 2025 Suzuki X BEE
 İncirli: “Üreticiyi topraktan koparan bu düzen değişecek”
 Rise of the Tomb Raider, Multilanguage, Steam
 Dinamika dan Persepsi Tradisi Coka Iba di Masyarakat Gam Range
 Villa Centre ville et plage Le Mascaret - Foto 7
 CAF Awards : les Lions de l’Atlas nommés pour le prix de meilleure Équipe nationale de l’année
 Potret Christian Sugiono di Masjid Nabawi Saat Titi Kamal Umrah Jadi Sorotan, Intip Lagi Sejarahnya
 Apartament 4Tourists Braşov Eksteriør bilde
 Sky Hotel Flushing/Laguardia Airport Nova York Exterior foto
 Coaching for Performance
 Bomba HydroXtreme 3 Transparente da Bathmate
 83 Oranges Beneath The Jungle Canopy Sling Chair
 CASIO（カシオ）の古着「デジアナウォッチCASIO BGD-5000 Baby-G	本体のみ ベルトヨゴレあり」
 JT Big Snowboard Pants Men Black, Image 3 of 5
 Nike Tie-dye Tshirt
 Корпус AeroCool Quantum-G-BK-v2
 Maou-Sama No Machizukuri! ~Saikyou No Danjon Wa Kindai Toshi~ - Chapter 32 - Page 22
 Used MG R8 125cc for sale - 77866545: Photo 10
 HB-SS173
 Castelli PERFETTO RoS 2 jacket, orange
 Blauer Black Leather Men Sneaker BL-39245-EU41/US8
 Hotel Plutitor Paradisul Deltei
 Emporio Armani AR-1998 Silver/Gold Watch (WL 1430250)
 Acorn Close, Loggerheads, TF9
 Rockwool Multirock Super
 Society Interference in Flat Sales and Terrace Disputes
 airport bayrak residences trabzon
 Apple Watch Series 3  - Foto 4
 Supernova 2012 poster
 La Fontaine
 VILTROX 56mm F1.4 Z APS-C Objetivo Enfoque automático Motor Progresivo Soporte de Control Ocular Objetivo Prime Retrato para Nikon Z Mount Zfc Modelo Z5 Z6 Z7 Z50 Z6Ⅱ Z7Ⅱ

-------

▸ **WHAT TO PRODUCE**
Tally the lines in these entries that have the string "Watch" in them, then answer with the count and nothing else.

▸ **ANSWER FOR THE TASK**
2